Tuesday, December 11, 2012

Winter Training

During the winter, it’s especially important to try and keep your orienteering, both physically and mentally, up to scratch.  Since August, I have been living in Norway, and as Norway is the country of orienteering, I have gotten lots of good practice in so far this fall/winter.  I've had a couple of training sessions that were new to me, so I thought I would share them.

The first thing I got introduced to was orienteering inside.  I've actually done this before, but never on such a large scale, and never as a race.  This can be incredibly fun, and the more the merrier.  For those of you with a college or university nearby, I would suggest this!  The idea is to find a building with as many passages, floors, staircases and dead-ends as possible.  Then, you draw a course with as many floor changes, dead-end controls and traps as possible.  And set everyone loose to get confused and run around in circles!

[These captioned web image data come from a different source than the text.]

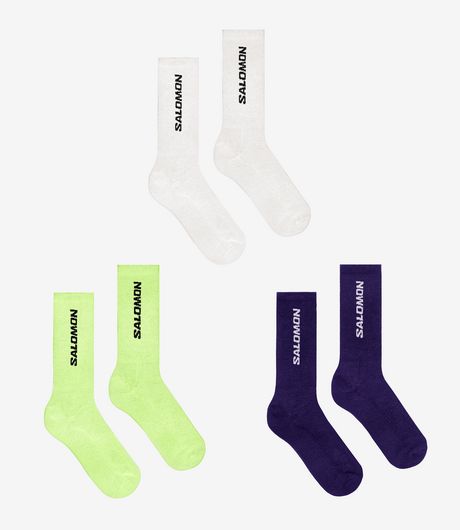 Salomon Everyday Crew 3-Pack Socks Vanilla Ice/Acid Lime/Deep Blue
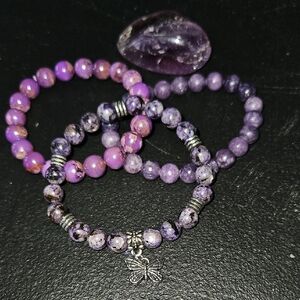 Purple Beaded Bracelet Set with Butterfly Charm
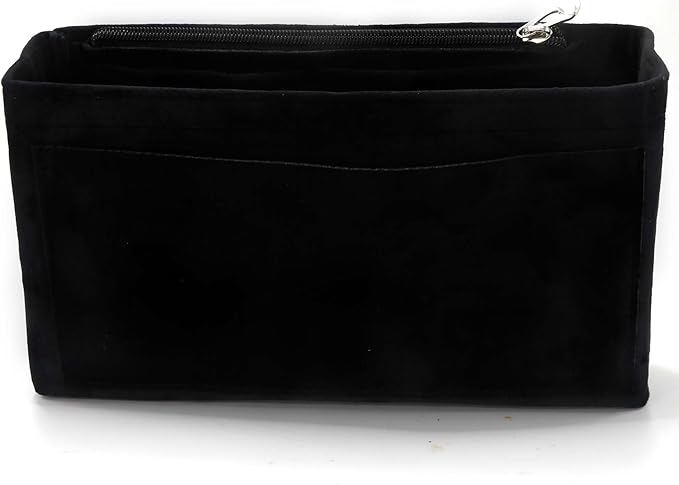 Purse Organizer Insert, Suede Bag Organizer Handbag Tote Shaper, Suede Material, Soft and Non Damaging Bag (Black, X-Large)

This is a map of one of the
buildings in the local university

It’s also very important to keep running during the winter, even if you are cross-training with skiing, or some other sport.  Long runs can be amazing.  Maybe chose a map that you haven’t run on in a long time, and just run.  If you live in an area with lots of lakes, maybe do a lake-to-lake run, although be sure to check that the ice is thick enough before you cross! 

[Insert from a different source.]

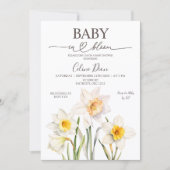 Spring Floral Daffodil Baby Shower  招待状 (正面)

A group of orienteerers out for a run

These days, you can start running at 11 and still catch the sun rise!
Those who have little to no snow, like those in Trondheim, can orienteer in the streets all year round.  Running can always be a bit more fun when you have a map to run on!  A recent training session here had us running longer legs, corridor style, with small sprint sections of 4 or 5 controls interspersed.

The point was to run slower on the corridor, and really try to
sprint the large circles.  You could not go outside the blue line.
For those not living in a snow-less climate, mental training is important as well.  Here, while we are doing core workouts, we also armchairs read, or remember what the columns in the control description mean, or choose the fastest route.

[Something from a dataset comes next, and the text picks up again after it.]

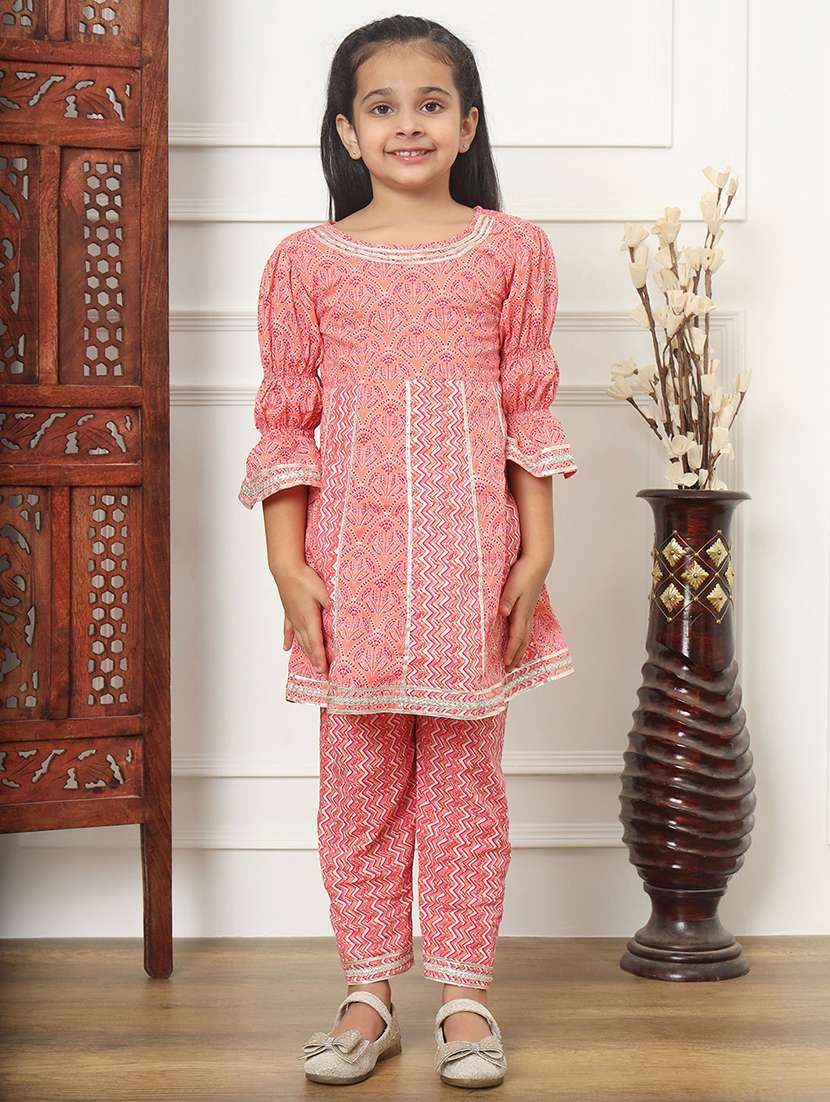 girl floral print cotton kurta pant set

From my calculations, the shortest routes are:
I may be wrong.
I hope that you all are having a wonderful winter, whether full of snow, or not, and that you all continue to have a good year in terms of training!


  1. Hi Pia, What a fabulous opportunity to be in Trondheim! Thanks for the post.

  2. Lots of cool training ideas. Thanks Pia!

  3. Yes, I really appreciate the training ideas! Happy New Year, Pia!